Oh, for the days when Boston fans savored their misery and altered the "reverse curve" sign on Storrow Drive to "reverse the curse." You felt for Boston fans back then, because they cared so much and received so little. Is it too late to reverse all this success?
Stephen King, long-suffering Red Sox fan: sympathetic. Most Red Sox fans these days: characters in a King novel.
Which brings us to the Bruins, the only Boston team waiting to win a fresh title.
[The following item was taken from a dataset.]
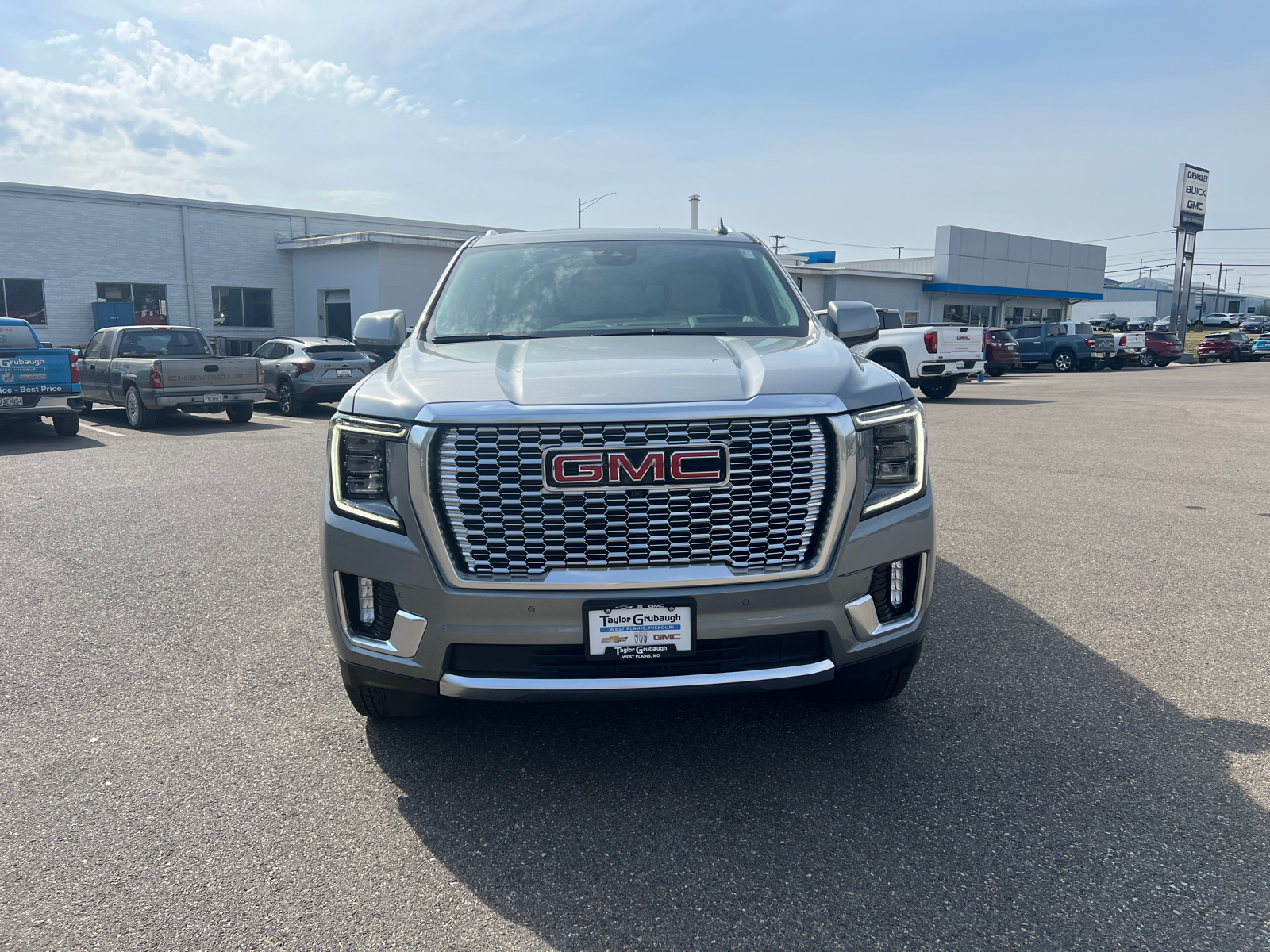 2024 GMC Yukon Denali 6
The rebirth of the Bruins is an amazing thing, and the new Garden is rocking just like the old Garden did, at least as close as it will ever get.
When they play the Dropkick Murphys' "Shipping off to Boston" in the third period, and the whole crowd sings along with the "Whoa oh oh" chorus, it's stirring.
The renaissance of the Bruins and Chicago Blackhawks has been fantastic for the game of hockey, because the poor management of these two Original Six teams hamstrung the NHL for too long. The league is lucky those markets were dormant, not dead.
The NHL needs strong teams in those cities, and thankfully, Bruins fans voted with their feet, forcing the Bruins to join the 21st century.
With a Harvard-educated Canadian lawyer as general manager, the Bruins spent big money to bring Zdeno Chara to Boston, outbid other teams for the services of 21-year-old free agent Blake Wheeler last summer and have a strong core of young players.
So bravo to the Bruins for bringing hockey back to life in Boston, but let's stop it there. Their fans deserve a title, no question about it, but the city of Boston has had more than its share lately.
It's time for the Hurricanes to say the same thing to Boston teams that anyone stuck sitting on a plane next to a Red Sox fan has been saying for the past five years: Enough.